Create a separate .log file for the worker node .stdouts. #528

mgjarrett · 2022-01-10T23:28:42Z

Description

At the end of a run, all of the logs from the individual MPI processes get concatenated together and appended to the end of the *.stdout. If there are a lot of MPI processes, this can make the *.stdout obnoxiously bloated, with a bunch of information that the user would rarely ever want to look at.

Instead, this PR puts all of those worker node logs into a separate file, .\logs\armi-mpi-workers.log
It would probably be best if the file had the name of the case (i.e., the same as the *.stdout and *.stderr), but I don't know if that name is available to the logger at this level. It's just writing those to the streams sys.stdout and sys.stderr. If somebody has a better idea for naming I'm all ears; this was just kind of a temporary name to make sure the code worked.

Checklist

Tests have been added/updated to verify that the new or changed code works.
Docstrings were included and updated as necessary
The code is understandable and maintainable to people beyond the author
There is no commented out code in this PR.

If user exposed functionality was added/changed:

Documentation added/updated in the doc folder.
New or updated dependencies have been added to setup.py.

armi/runLog.py

john-science · 2022-01-17T16:08:55Z

@ntouran Michael has explained his reasoning, but I am curious what you think of this change to our logging.

ntouran · 2022-01-17T17:45:50Z

This is reasonable in concept for sure. I think it is worth trying to get the same to be synced up with the caseTitle though, because otherwise it will be easy to miss in archiving files, and multiple runs of in the same dir (e.g. param sweeping) will overwrite one another. (though honestly running concurrently in the same dir probably is a bad idea regardless).

john-science · 2022-01-20T15:49:49Z

I think it is worth trying to get the same to be synced up with the caseTitle...

@mgjarrett What do you think of Nick's idea?

mgjarrett · 2022-01-20T16:29:21Z

Yeah I think it would be best to have the caseTitle as the name, but I'm not sure exactly how it would be done and I haven't had time to look at it.

armi/runLog.py

john-science · 2022-01-20T20:25:09Z

I think it is worth trying to get the same to be synced up with the caseTitle though....

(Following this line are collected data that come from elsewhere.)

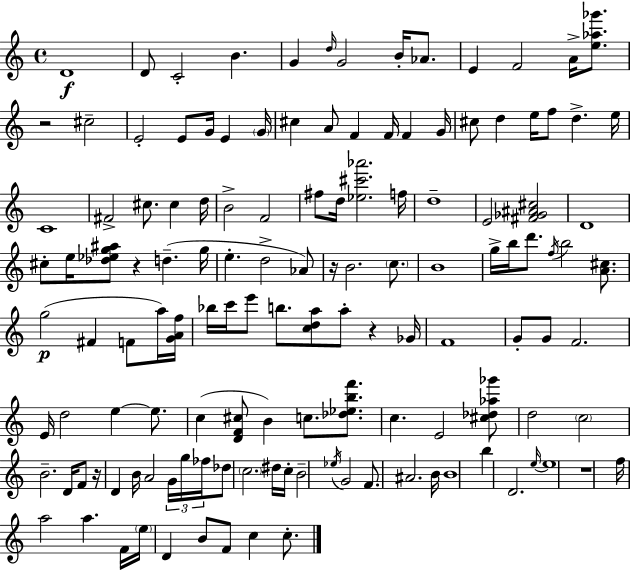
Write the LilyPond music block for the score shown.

{
  \clef treble
  \time 4/4
  \defaultTimeSignature
  \key c \major
  d'1\f | d'8 c'2-. b'4. | g'4 \grace { d''16 } g'2 b'16-. aes'8. | e'4 f'2 a'16-> <e'' aes'' ges'''>8. | \break r2 cis''2-- | e'2-. e'8 g'16 e'4 | \parenthesize g'16 cis''4 a'8 f'4 f'16 f'4 | g'16 cis''8 d''4 e''16 f''8 d''4.-> | \break e''16 c'1 | fis'2-> cis''8. cis''4 | d''16 b'2-> f'2 | fis''8 d''16 <ees'' cis''' aes'''>2. | \break f''16 d''1-- | e'2 <fis' ges' ais' cis''>2 | d'1 | cis''8-. e''16 <des'' ees'' g'' ais''>8 r4 d''4.--( | \break g''16 e''4.-. d''2-> aes'8) | r16 b'2. \parenthesize c''8. | b'1 | g''16-> b''16 d'''8. \acciaccatura { f''16 } b''2 <a' cis''>8. | \break g''2(\p fis'4 f'8 | a''16) <g' a' f''>16 bes''16 c'''16 e'''8 b''8. <c'' d'' a''>8 a''8-. r4 | ges'16 f'1 | g'8-. g'8 f'2. | \break e'16 d''2 e''4~~ e''8. | c''4( <d' f' cis''>8 b'4) c''8. <des'' ees'' b'' f'''>8. | c''4. e'2 | <cis'' des'' aes'' ges'''>8 d''2 \parenthesize c''2 | \break b'2.-- d'16 f'8 | r16 d'4 b'16 a'2 \tuplet 3/2 { g'16 | g''16 fes''16 } des''8 \parenthesize c''2. | dis''16 c''16-. b'2-- \acciaccatura { ees''16 } g'2 | \break f'8. ais'2. | b'16 b'1 | b''4 d'2. | \grace { e''16~ }~ e''1 | \break r1 | f''16 a''2 a''4. | f'16 \parenthesize e''16 d'4 b'8 f'8 c''4 | c''8.-. \bar "|."
}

I like this idea. In retrospect, it seems like the caseTitle should be in the output file name for all log files. That would have been a good design.

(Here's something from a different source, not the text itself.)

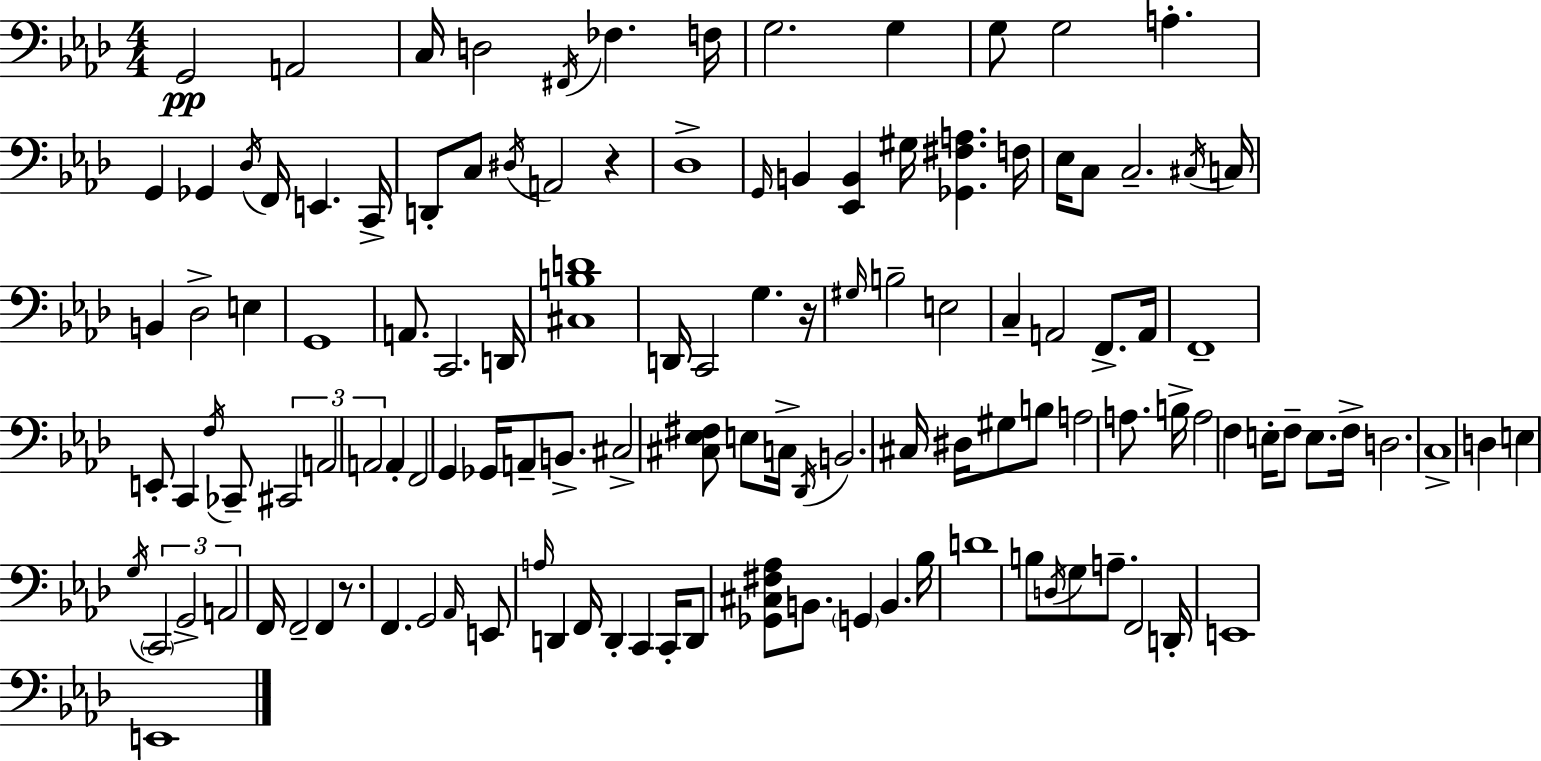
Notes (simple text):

G2/h A2/h C3/s D3/h F#2/s FES3/q. F3/s G3/h. G3/q G3/e G3/h A3/q. G2/q Gb2/q Db3/s F2/s E2/q. C2/s D2/e C3/e D#3/s A2/h R/q Db3/w G2/s B2/q [Eb2,B2]/q G#3/s [Gb2,F#3,A3]/q. F3/s Eb3/s C3/e C3/h. C#3/s C3/s B2/q Db3/h E3/q G2/w A2/e. C2/h. D2/s [C#3,B3,D4]/w D2/s C2/h G3/q. R/s G#3/s B3/h E3/h C3/q A2/h F2/e. A2/s F2/w E2/e C2/q F3/s CES2/e C#2/h A2/h A2/h A2/q F2/h G2/q Gb2/s A2/e B2/e. C#3/h [C#3,Eb3,F#3]/e E3/e C3/s Db2/s B2/h. C#3/s D#3/s G#3/e B3/e A3/h A3/e. B3/s A3/h F3/q E3/s F3/e E3/e. F3/s D3/h. C3/w D3/q E3/q G3/s C2/h G2/h A2/h F2/s F2/h F2/q R/e. F2/q. G2/h Ab2/s E2/e A3/s D2/q F2/s D2/q C2/q C2/s D2/e [Gb2,C#3,F#3,Ab3]/e B2/e. G2/q B2/q. Bb3/s D4/w B3/e D3/s G3/e A3/e. F2/h D2/s E2/w E2/w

However... the caseTitle is not readily assessible in runLog.py right now. We could call getMasterCS(), but I'm fairly sure that will break a bunch of plugins and our docs. Because people want to be able to use our runLogger in all sorts of very general situations.

Maybe that could be called inside concatLogs() since that is probably only ever called during a parallel/cluster-type run. That might not break things. But certainly, let's not call getMasterCS() anywhere else.

One question I have is WHY isn't this already set to caseTitle? I notice these two lines exist:

armi/cases/case.py:        runLog.LOG.startLog(self.cs.caseTitle)
armi/operators/operator.py:        runLog.LOG.startLog(self.cs.caseTitle)

onufer · 2022-01-20T20:37:33Z

I think startLog is the log in the execution directory. The logs that Mike is reading are in the fast path.

armi/tests/test_runLog.py

ntouran · 2022-01-24T17:18:01Z

Sorry for the late questions on this, but on the discussion level, can we talk a little bit more about the motivation of this? Ideally we'd answer these questions in implementation docstrings in the code itself so it lives on.

Having ~hundreds of files will be harder to manage and archive for qualified runs. Concatenating them into one provides one record of the run's output and its pedigree (e.g. its hash), which is fairly convenient from a QA point of view. That was the motivation for concatenating them in the first place
Can you explain in more detail how having lots of info in one big stdout is inconvenient? I typically just use find/filtering to filter do the node of interest using my text editor.
Could we make concatenate or not a user-facing option and leave it up to the users?

mgjarrett · 2022-01-24T17:25:50Z

The goal is not to have ~hundreds of files, but to separate the current stdout into:
!. The master node stdout that has everything somebody might usually want to read from stdout, like CR worth, k-eff, assembly designs, etc.
2. A separate file that has all of the stdouts from the workers, which are usually very repetitive and don't have much new useful information in most cases.

The unit tests are passing, but I haven't yet verified that it works with MPI with the latest commit.

mgjarrett · 2022-01-24T18:13:54Z

The branchVerbosity setting might already be a satisfactory solution to the root problem, which is that the stdout tends to be too big when branchVerbosity is extra. warning or error are probably better options when the user doesn't care about these worker logs.

onufer · 2022-01-24T22:21:34Z

There are times when the workers are useful... so i don't want to get rid of the data entirely. Its just appending all the workers to the main standard does not enable the use of the data though since a lot of time you are just looking at the stdout to see how your run is and then it updates, but the file gets like 50x larger.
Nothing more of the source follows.